European wine may be the latest victim in the trade war between the EU and China. In what appears to be an exercise in tit-for-tat, China has launched an anti-dumping and anti-subsidy probe into European wine in response to the European Union’s decision to impose duties on imports of Chinese solar panels.
By doing so, China targets southern European states such as France and Italy that back the duties, but largely spares northern European opponents such as Germany. Fifteen EU member states, including the UK and Germany, opposed the duties. Italy and France join 12 others in favour.

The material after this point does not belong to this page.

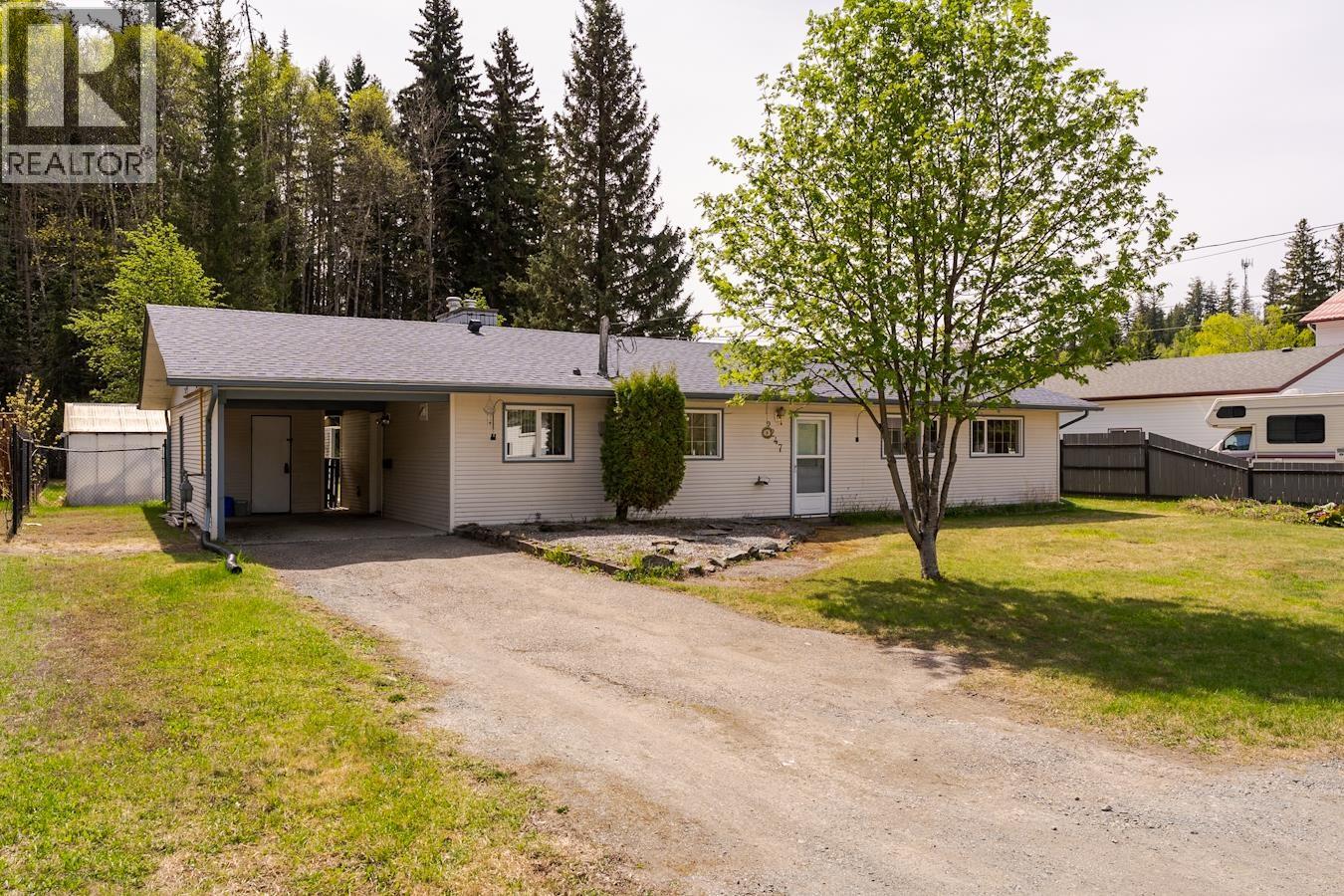 2247 Shamrock Road, Prince George, British Columbia  V2K 1P6 - Photo 2 - R3124317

The Chinese Commerce ministry said the government had begun the probe into EU wines at the request of Chinese wine makers. “The Commerce Ministry has already received an application from the domestic wine industry, which accuses wines imported from Europe of entering China’s market by use of unfair trade tactics such as dumping and subsidies,” it said in a statement. “We have noted the quick rise in wine imports from the EU in recent years, and we will handle the investigation in accordance with the law.”
The EU plans to slap anti-dumping tariffs on imports of Chinese solar panels from Thursday. Brussels accuses China of selling them below cost to take market share. The EU trade commissioner said that levies will start at nearly 12 percent, potentially rising to 47 percent from August if there is no deal by that time.

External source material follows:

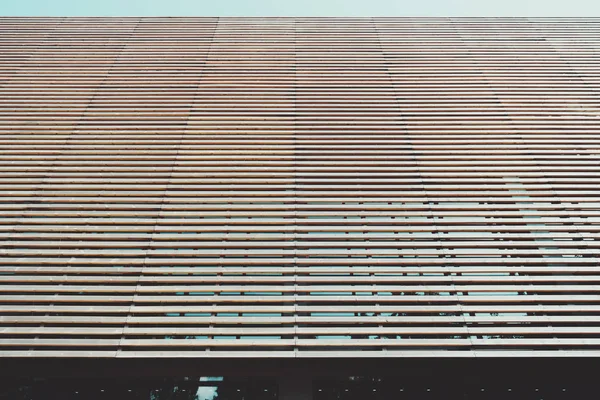Fasada Budynku Wykonane Wielu Listwy Drewna Równolegle Paskiem Teal Niebo — Zdjęcie stockowe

Risk of more tit-for-tat trade barriers
Beijing imported 430 million litres of wine last year, of which more than two-thirds came from the EU, according to Chinese customs figures.
Imports from France alone came to 170 million litres. Diageo and Pernod are among the suppliers. China is the third biggest export market for French wines and spirits by value, worth 1 billion euros ($1.31 billion) in 2012 or nine percent of Paris’ wine and spirits exports, according to the FEVS producers’ federation.
Jim Boyce, who runs the wine blog grapewallofchina.com, said Chinese manufacturers have been upset about alleged dumping for a while. “The big issue was all this Spanish wine flowing in here at incredibly low prices,” he said.
The European Union is China’s most important trading partner, while for the EU, China is second only to the United States. Chinese exports of goods to the 27-member bloc totalled 290 billion euros ($376 billion) last year, with 144 billion euros going the other way.
Wine sales are only a fraction of overall exports to the rising Asian economic powerhouse but the move raises the risk of more tit-for-tat trade barriers.